And so at around 6:40 on the evening of July 20, 1893, the
building was deserted except for the six telephone operators on the top floor
and Night Manager A. H. Crowther. The
following day The Sun reported that “one of the girls saw smoke curling upward
past the open window at the back of the room.
She screamed, and the other girls dropped their receivers and screamed
too.”
Crowther leaned out the window and saw that the smoke was
coming from the Ditson & Co. store on the first floor. “The girls grabbed their hats and ran down
the Eighteenth street stairway,” said the newspaper.

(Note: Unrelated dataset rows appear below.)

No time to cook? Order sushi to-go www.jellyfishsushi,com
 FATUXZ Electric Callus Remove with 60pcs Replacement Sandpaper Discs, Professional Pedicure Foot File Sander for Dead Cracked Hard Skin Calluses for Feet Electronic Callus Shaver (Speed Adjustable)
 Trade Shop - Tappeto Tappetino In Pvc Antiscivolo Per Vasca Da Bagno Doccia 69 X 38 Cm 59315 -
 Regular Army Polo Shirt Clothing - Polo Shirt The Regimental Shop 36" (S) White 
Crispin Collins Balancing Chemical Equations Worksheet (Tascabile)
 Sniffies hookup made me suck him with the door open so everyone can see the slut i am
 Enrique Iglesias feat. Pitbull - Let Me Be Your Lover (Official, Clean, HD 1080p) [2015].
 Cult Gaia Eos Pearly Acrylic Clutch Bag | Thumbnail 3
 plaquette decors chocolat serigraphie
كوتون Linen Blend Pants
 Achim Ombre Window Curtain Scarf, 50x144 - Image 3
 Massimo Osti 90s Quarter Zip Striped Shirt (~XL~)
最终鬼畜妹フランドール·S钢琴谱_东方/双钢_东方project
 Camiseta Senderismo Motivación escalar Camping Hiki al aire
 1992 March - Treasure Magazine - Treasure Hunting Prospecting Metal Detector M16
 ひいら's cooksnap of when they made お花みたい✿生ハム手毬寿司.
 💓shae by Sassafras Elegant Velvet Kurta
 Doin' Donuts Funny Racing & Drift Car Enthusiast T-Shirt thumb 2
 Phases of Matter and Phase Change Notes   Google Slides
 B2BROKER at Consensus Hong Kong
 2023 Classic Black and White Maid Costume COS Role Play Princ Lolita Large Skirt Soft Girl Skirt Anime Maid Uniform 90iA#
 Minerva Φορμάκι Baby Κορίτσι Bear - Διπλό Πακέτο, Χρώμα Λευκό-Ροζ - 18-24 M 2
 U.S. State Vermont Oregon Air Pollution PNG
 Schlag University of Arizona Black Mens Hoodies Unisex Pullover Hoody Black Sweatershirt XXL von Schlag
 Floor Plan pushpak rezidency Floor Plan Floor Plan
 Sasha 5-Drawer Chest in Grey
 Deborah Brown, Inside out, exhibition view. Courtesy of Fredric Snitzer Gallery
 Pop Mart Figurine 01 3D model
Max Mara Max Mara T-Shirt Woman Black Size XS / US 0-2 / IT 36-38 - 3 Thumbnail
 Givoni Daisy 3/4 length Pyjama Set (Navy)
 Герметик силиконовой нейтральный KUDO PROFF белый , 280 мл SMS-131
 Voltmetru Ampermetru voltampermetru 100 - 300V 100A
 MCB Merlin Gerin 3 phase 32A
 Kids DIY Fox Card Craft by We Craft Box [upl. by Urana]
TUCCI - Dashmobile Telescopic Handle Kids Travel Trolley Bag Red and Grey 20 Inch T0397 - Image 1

The hysterical women negated the need for anyone to pull a
fire alarm. “The day watch of Engine 14,
on Eighteenth street, a few doors away from the building, was aroused by the
outcry the girls made in the street, and the men were out in a jiffy on a still
alarm.”
By the time the fire fighters arrived, the fire had blazed
up the stairway to the top floor. Chief
Bonner called in a second alarm and firefighters were dispatched to save
Whiting’s commemorative silver service “and this was put away in safes.”
As the fire spread through the telephone offices, a heavy
crowd gathered on the street below. The
onlookers were quickly sent back when “a wire with its insulation burning and
sputtering came sailing into Eighteenth street.
Soon another wire came writhing through the air and the crowd backed still
further.” Another sputtering live wire
would soon follow.
For some inexplicable reason, The Sun felt it necessary to
comment on the Fire Commissioners outfit.
“Fire Commissioner John Scannell, in a new light suit and light hat,
appeared at the third alarm, and donning a rubber coat, accompanied Chief
Bonner to the telephone office.” Telephone officials had begged the men to save the switchboard equipment.
The fire fighters were able to salvage the equipment; but
obviously the sputtering, crackling lines that danced on the sidewalk below
meant that service was at least temporarily down. The Sun reported that 2,000 subscribers were “dependent
on it for communication [and] used various languages in trying to rouse ‘Central,”
but had to give it up.”
The fire was put out within an hour; but Ditson & Co.
suffered heavy water damage to their first and second floor store. The telephone office “was so badly wrecked
that the manager decided to close it for the night.” Total damages were estimated to be around
$50,000.
Prim rows of bosses above the openings, medallions and a leafy band of terra cotta contrasted with the brick. |
A few months later Ditson & Co. posted an advertisement
in The Sun for its “Fire Sale of Popular Music Books.” The firm promised “These books are not
perfect copies, having been very slightly damaged by the fire in our store last
July, but we offer them at one-half usual prices.” The books were offered at prices ranging from
15 cents to $1.00.
A number of musical instructors were in the Ditson Building
in 1895. Among them were accompanist
instructors Louis R. Dressler and Francis J. Gilder; zither instructors F. W.
Isenbarth and George Lechler; and voice coach H. P. Hanks.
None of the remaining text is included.